Allá en la ciénaga, entre los lanzancudos, Judah no sabe qué decir. Las frondas se han reunido tras él, una capa de vegetación tupida que él sabe falsa.

Los niños tratan de enseñarle otra vez a hacer sus gólems. Nunca ha demostrado la menor aptitud, siempre se ha creído sin talento. Un anciano lanzancudo se acerca mientras Judah está estirándose y lo toca en el pecho. Judah abre los ojos y siente que algo se mueve en su interior.

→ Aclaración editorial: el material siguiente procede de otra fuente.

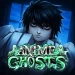 Anime Ghosts icon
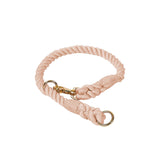 Farbe: Leder Puder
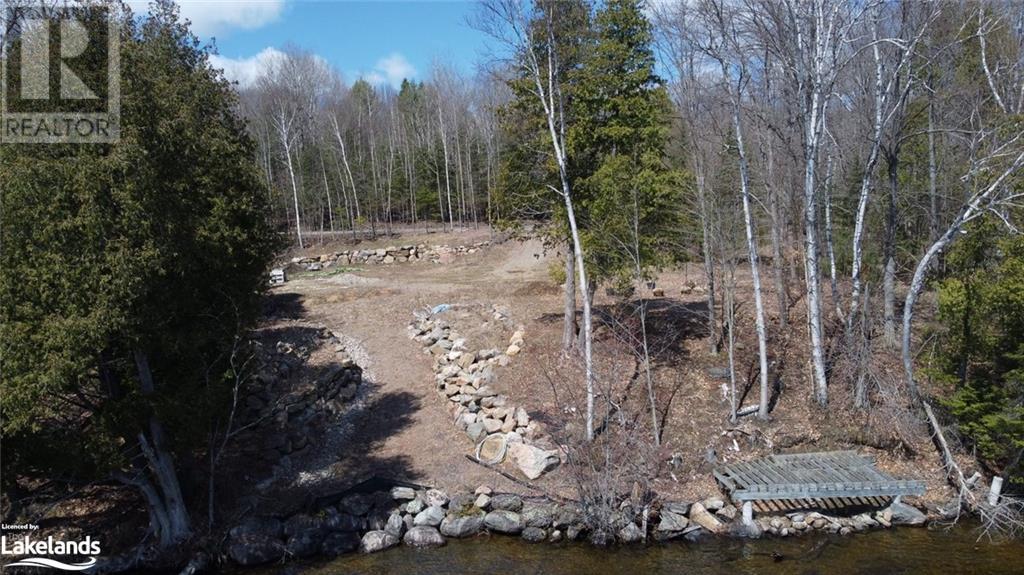 1956 Wigamog Road, Haliburton, Ontario  K0M 1S0 - Photo 35 - 40586992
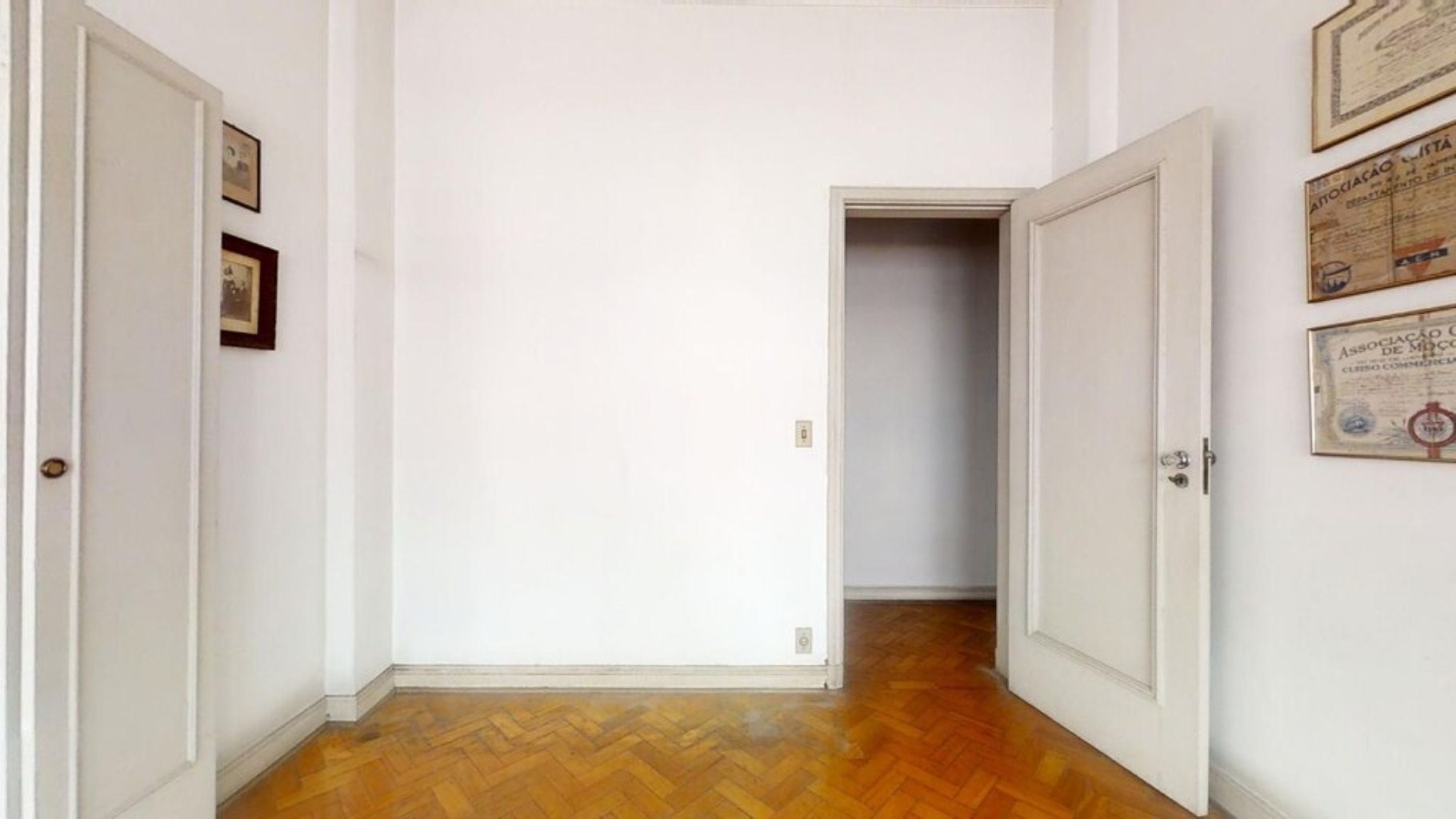 Apartamento, 3 quartos, 116 m² - Foto 43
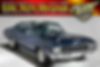 446379H230749-1969-buick-gs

Esté en el contacto, en el aire de la ciénaga, o en las cosas crudas que ha estado comiendo, de pronto percibe una afinidad nueva, y lleno de asombro descubre que, aunque débilmente, puede hacer que su figura de barro se mueva. Los niños lanzancudos lo aclaman con sus zumbidos.

»Va a venir alguien, dice al llegar la noche. Los lanzancudos se limitan a devolverle miradas diplomáticas. »Vendrán hombres, e inundarán vuestra ciénaga. Dividirán vuestras tierras en parcelas y harán retroceder las aguas.

Judah recuerda el mapa. Una pulcra trisección. Marcas de tinta que se convertirán en una transformación de la tierra, millones de toneladas de grava desplazada, y un holocausto para los bosques.

»No se detendrán por vosotros. No se desviarán por vosotros. Debéis marcharos. Debéis iros al sur, a los territorios de caza de los demás clanes, al interior, lejos de aquí.